## [REQUIREMENT]
For this task, output exactly the lines of the material below starting at the line with "Carte mère MSI" and ending at the line with "You hoopin or"; pictures are to be excluded.

## [DATASET CONTENT]
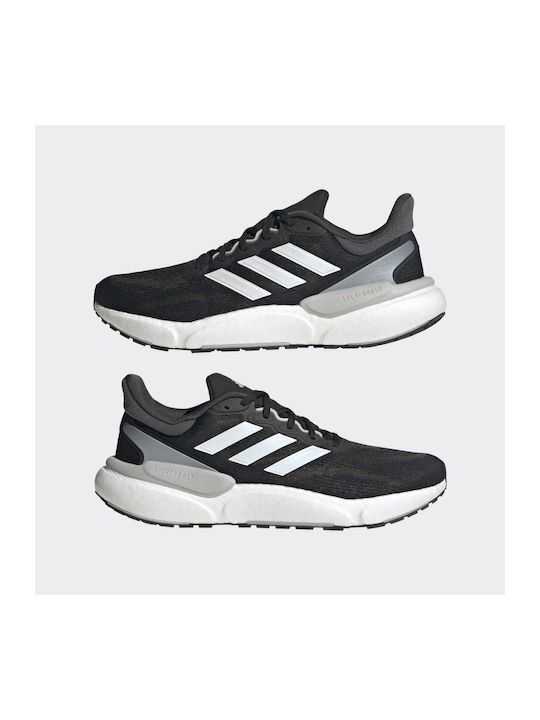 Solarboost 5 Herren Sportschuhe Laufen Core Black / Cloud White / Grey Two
==
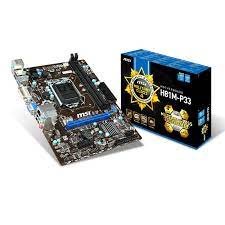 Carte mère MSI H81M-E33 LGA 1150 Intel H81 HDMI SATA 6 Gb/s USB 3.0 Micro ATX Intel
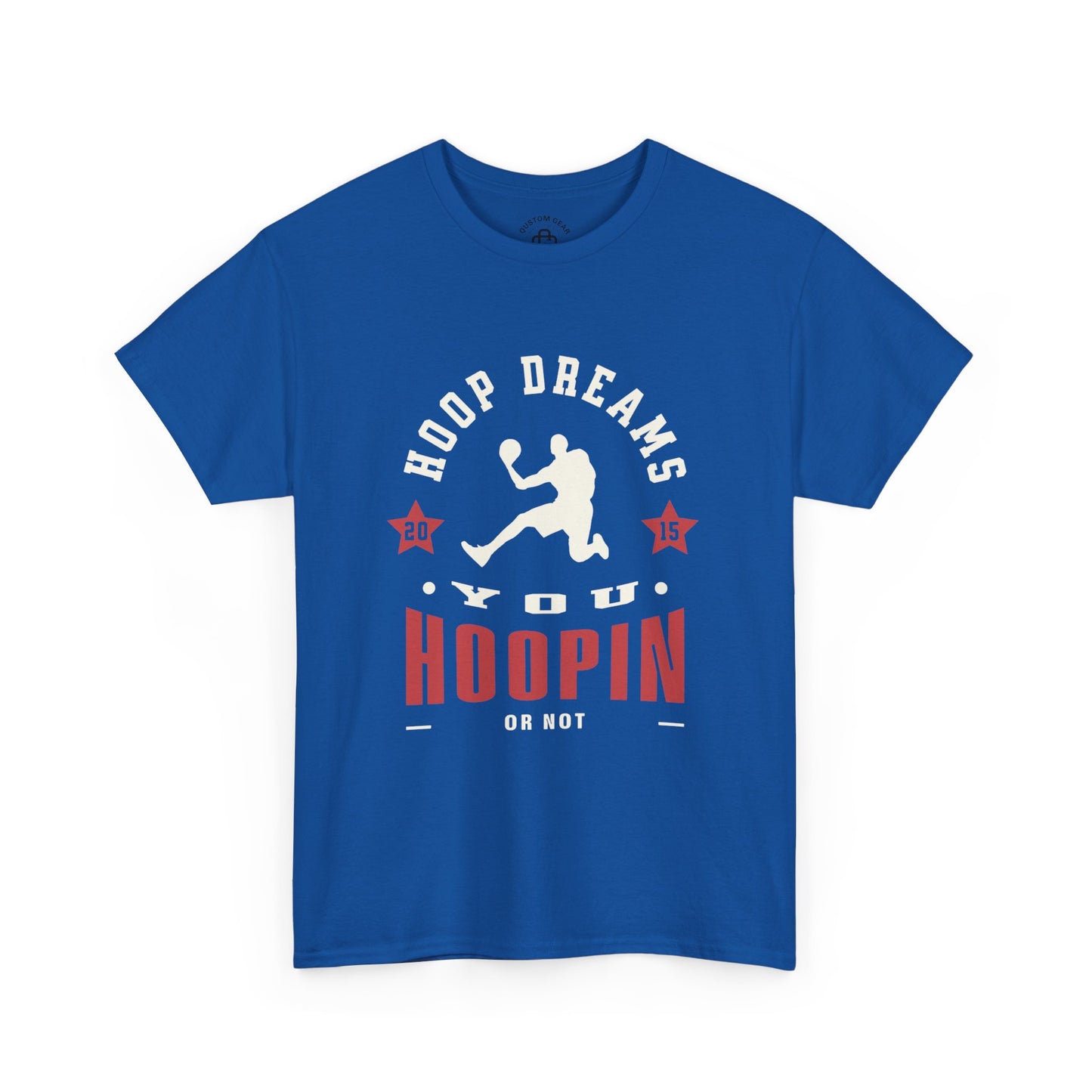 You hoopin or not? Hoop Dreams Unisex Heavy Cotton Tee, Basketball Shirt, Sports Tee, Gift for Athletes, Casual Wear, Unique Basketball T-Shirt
--
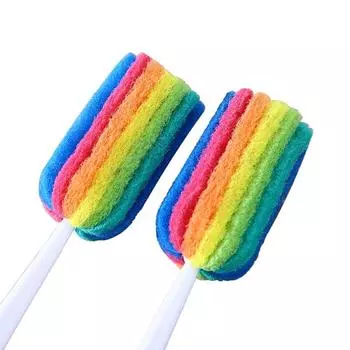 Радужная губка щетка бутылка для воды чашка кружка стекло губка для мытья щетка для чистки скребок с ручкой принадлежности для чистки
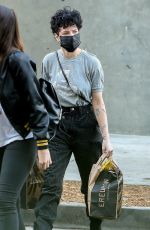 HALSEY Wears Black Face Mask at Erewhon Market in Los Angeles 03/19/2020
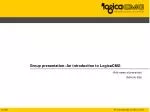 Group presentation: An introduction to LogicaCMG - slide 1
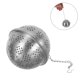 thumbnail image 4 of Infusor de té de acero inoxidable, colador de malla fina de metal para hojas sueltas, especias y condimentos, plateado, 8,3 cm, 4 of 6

## [WRITTEN ANSWER]
 Carte mère MSI H81M-E33 LGA 1150 Intel H81 HDMI SATA 6 Gb/s USB 3.0 Micro ATX Intel
 You hoopin or not? Hoop Dreams Unisex Heavy Cotton Tee, Basketball Shirt, Sports Tee, Gift for Athletes, Casual Wear, Unique Basketball T-Shirt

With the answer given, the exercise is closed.